Principal Component Analysis using Nonstationary Series (with James Hamilton and Xinwei Ma). [link]
Abstract: This paper develops a procedure for uncovering the common cyclical factors that drive a mix of stationary and nonstationary variables. The method does not require knowing which variables are nonstationary or the nature of the nonstationarity. An application to the FREDMD macroeconomic dataset demonstrates that the approach offers similar benefits to those of traditional principal component analysis with some added advantages.
Publications
Model Selection for Multivalued-Treatment Policy Learning in Observational Studies (with Yue Fang and Haitian Xie). Journal of Business & Economic Statistics (2025). [link]
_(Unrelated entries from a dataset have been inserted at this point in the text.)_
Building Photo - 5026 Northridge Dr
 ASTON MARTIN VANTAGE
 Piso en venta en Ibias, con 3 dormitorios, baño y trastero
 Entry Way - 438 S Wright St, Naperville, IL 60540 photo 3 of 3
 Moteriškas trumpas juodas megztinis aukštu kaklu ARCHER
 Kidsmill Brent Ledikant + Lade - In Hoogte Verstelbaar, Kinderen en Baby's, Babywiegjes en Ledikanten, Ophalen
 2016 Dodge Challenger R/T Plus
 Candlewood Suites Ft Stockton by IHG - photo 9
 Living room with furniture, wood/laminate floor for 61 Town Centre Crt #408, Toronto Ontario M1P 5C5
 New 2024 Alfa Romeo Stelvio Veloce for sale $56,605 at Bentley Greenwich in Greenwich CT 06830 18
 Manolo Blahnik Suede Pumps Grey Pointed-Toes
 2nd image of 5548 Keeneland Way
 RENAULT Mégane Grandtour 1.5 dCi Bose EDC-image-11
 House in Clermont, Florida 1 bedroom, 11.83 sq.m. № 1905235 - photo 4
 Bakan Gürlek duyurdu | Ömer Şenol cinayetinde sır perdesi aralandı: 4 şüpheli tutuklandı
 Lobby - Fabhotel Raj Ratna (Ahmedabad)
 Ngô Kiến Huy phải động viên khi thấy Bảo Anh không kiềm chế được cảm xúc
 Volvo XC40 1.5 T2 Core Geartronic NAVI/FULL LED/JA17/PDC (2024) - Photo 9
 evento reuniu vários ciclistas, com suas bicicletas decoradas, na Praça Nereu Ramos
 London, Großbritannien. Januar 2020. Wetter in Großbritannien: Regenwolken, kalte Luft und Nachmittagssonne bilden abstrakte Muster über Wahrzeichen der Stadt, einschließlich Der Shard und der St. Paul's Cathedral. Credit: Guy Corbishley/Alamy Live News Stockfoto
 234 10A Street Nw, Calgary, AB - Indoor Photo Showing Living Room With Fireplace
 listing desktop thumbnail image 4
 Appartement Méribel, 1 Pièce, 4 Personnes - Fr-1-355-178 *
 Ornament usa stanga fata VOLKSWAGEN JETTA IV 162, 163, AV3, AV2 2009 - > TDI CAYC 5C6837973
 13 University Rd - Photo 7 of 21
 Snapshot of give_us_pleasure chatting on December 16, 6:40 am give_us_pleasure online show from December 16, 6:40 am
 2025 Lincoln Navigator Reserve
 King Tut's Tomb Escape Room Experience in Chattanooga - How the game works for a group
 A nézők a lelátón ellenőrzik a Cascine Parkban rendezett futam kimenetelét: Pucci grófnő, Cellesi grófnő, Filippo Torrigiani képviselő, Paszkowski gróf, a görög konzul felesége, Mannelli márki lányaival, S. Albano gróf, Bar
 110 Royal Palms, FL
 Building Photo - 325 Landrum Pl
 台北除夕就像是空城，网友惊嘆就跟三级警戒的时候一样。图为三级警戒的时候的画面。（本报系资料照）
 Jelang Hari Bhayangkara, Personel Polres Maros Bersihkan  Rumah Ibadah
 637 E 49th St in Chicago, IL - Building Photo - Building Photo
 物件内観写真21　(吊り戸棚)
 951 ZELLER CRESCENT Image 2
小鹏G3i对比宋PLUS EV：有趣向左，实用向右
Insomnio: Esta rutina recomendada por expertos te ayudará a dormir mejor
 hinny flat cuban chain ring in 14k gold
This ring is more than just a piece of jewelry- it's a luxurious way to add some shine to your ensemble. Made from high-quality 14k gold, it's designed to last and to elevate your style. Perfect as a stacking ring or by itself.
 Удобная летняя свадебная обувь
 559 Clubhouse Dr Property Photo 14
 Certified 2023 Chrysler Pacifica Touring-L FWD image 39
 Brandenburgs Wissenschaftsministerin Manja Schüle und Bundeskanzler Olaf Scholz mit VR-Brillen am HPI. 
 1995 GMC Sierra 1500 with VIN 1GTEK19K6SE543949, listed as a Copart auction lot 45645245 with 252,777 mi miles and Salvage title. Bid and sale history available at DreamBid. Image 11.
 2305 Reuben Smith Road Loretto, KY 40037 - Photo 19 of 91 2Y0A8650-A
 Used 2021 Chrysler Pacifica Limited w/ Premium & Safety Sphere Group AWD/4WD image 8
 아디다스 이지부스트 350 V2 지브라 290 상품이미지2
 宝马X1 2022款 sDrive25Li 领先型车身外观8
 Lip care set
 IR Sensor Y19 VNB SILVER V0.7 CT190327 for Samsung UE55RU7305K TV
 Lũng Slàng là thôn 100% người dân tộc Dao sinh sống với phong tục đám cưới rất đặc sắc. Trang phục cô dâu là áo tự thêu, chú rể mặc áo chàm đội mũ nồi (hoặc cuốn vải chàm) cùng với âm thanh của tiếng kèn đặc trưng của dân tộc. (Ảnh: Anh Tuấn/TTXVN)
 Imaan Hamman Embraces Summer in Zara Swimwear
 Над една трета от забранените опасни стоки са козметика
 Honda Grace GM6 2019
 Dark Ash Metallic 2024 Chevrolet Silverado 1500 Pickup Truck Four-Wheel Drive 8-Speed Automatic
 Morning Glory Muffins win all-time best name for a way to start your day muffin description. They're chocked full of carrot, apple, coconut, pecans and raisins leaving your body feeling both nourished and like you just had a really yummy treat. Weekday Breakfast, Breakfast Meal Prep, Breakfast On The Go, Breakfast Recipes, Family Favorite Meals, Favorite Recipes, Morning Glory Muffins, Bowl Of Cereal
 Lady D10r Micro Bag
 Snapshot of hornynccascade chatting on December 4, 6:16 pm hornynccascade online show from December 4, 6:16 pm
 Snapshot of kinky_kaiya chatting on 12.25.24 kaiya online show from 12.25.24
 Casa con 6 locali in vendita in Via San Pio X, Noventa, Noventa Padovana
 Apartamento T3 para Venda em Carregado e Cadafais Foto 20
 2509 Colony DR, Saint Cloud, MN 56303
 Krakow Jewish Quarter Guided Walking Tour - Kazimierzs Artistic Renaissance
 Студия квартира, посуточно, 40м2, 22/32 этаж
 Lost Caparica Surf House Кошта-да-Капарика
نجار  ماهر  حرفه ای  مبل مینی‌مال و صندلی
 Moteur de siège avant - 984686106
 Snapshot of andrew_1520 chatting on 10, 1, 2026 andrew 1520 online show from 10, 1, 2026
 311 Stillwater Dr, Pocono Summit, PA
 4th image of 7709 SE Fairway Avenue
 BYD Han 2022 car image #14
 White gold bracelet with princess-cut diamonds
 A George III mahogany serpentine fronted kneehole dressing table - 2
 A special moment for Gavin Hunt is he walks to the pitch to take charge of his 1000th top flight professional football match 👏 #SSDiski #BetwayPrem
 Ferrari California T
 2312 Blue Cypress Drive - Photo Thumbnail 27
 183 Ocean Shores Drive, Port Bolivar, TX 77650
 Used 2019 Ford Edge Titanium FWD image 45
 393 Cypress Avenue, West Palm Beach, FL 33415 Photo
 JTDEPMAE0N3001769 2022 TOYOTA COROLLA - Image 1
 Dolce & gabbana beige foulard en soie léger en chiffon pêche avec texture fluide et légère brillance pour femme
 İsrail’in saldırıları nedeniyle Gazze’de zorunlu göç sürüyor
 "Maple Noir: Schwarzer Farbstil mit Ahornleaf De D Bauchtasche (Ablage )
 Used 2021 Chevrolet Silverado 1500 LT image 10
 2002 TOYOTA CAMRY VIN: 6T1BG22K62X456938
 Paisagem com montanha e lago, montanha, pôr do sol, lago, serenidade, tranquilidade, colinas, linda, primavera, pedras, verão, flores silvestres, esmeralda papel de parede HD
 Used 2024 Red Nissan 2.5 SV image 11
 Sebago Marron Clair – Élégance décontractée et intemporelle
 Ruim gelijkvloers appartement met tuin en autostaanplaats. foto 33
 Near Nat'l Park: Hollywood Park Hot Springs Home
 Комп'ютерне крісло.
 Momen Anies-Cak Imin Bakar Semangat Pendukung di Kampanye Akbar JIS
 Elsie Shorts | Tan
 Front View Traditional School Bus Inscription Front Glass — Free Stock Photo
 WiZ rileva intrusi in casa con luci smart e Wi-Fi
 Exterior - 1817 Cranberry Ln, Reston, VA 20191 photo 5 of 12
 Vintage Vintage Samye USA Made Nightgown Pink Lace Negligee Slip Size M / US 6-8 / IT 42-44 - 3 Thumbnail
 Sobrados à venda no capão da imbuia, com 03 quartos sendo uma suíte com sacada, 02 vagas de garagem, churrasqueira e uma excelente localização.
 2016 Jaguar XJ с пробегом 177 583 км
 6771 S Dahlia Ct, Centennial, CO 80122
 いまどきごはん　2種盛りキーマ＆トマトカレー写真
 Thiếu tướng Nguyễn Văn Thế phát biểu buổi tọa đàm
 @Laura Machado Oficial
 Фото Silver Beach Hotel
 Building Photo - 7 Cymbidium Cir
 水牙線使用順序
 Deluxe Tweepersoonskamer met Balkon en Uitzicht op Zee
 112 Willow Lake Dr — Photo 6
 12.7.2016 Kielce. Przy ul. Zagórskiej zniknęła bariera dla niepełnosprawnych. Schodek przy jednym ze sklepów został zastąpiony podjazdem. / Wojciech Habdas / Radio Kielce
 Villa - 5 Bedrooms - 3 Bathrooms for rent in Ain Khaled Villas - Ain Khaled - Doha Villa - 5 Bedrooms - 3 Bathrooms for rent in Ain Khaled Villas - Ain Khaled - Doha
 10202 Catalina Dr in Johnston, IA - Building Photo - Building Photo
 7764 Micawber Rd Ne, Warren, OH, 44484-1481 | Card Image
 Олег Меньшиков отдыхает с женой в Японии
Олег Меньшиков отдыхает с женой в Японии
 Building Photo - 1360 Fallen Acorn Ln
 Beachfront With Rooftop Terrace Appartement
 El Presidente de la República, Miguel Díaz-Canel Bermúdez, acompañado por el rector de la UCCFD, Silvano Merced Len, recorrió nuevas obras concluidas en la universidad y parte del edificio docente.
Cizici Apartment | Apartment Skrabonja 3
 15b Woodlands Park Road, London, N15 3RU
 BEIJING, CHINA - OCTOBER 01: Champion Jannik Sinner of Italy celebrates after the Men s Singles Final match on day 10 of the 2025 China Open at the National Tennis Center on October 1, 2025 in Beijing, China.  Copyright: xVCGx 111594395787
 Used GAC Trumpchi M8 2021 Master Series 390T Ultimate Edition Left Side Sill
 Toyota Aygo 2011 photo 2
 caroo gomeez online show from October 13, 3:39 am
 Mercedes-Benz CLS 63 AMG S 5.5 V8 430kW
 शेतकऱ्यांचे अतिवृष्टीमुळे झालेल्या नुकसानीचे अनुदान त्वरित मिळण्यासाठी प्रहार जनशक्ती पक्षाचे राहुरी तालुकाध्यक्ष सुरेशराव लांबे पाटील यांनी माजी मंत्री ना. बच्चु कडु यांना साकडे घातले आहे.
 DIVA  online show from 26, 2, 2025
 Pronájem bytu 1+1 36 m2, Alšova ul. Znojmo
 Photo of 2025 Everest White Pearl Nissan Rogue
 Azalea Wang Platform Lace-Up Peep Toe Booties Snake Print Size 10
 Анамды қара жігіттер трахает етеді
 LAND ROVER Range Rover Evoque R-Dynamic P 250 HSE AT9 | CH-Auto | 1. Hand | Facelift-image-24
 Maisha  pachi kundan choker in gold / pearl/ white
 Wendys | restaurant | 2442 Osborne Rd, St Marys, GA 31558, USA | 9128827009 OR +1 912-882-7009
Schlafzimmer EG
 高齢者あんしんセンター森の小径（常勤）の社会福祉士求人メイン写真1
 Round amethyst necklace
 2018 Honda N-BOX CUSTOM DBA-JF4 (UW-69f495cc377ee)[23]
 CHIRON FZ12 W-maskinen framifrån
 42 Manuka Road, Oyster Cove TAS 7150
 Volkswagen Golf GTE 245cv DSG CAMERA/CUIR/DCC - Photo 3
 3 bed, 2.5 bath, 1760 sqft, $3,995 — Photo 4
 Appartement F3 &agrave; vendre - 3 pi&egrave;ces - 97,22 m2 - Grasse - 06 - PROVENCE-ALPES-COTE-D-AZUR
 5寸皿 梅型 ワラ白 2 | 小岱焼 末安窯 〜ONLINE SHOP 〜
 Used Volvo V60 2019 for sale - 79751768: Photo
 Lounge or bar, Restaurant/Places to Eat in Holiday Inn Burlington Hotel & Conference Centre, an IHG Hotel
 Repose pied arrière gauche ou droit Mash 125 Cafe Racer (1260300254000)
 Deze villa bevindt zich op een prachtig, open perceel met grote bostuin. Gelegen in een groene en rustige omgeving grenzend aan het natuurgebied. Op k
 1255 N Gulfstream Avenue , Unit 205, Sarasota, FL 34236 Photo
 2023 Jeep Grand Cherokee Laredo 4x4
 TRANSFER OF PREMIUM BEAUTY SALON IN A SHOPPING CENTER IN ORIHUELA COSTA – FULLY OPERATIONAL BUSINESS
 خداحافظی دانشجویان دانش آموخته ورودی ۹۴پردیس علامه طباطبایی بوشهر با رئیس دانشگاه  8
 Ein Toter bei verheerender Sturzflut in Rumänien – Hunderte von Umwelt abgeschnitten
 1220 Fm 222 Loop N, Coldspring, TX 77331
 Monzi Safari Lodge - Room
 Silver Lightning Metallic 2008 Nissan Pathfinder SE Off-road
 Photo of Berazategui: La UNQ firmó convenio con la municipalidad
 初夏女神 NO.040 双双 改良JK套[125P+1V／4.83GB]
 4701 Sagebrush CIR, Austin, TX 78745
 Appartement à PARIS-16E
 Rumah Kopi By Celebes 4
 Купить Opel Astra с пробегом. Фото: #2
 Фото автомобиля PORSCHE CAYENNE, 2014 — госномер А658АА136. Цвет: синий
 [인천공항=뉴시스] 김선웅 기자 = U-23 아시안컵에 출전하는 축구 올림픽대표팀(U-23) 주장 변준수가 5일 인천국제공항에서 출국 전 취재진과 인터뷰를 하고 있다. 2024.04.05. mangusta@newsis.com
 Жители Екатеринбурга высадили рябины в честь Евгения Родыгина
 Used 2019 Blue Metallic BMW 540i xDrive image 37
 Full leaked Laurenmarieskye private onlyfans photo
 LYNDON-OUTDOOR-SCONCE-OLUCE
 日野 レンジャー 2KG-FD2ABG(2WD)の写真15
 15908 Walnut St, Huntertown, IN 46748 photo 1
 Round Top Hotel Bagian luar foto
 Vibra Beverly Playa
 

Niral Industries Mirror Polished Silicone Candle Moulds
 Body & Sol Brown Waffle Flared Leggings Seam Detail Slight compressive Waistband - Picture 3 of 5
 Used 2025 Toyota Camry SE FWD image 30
Abstract: This study investigates the policy learning problem in observational studies, where the treatment variable can be multivalued and the propensity scores are unknown. We approximate the optimal policy in a global policy class with infinite complexity (VC/Natarajan) dimension, using a sequence of sieve policy classes with finite complexity dimension. The optimal policy within each sieve class is estimated by maximizing the empirical welfare, constructed through the doubly robust moment condition and cross-fitting method. To select the suitable sieve space, we maximize the penalized empirical welfare, with the penalty determined by either the Rademacher complexity or a holdout method. We establish oracle inequalities that demonstrate the bias and variance tradeoff achieved by the data-driven policy estimator. We also investigate two specific sieve selections: (a) a monotone single index model and (b) a systematic discretization method, which uses conventional sieve results for smooth functions such as linear sieves and deep neural networks. In the empirical study, we apply our method to examine the policy of assigning individuals to job training of different lengths.
Strength in numbers: robust mechanisms for public goods with many agents (with Haitian Xie). Social Choice and Welfare (2023). [link]
Abstract: This study examines the mechanism design problem for public goods provision in a large economy with n independent agents. We propose a class of dominant-strategy incentive compatible and ex-post individually rational mechanisms, which we call the adjusted mean-thresholding (AMT) mechanisms. We show that when the cost of provision grows slower than the square root n rate, the AMT mechanisms are both eventually ex-ante budget balanced and asymptotically efficient. When the cost grows faster than the square root n rate, in contrast, we show that any incentive compatible, individually rational, and eventually ex-ante budget balanced mechanism must have provision probability converging to zero and hence cannot be asymptotically efficient. The AMT mechanisms have a simple form and are more informationally robust when compared to, for example, the second-best mechanism. This is because the construction of an AMT mechanism depends only on the first moment of the valuation distribution.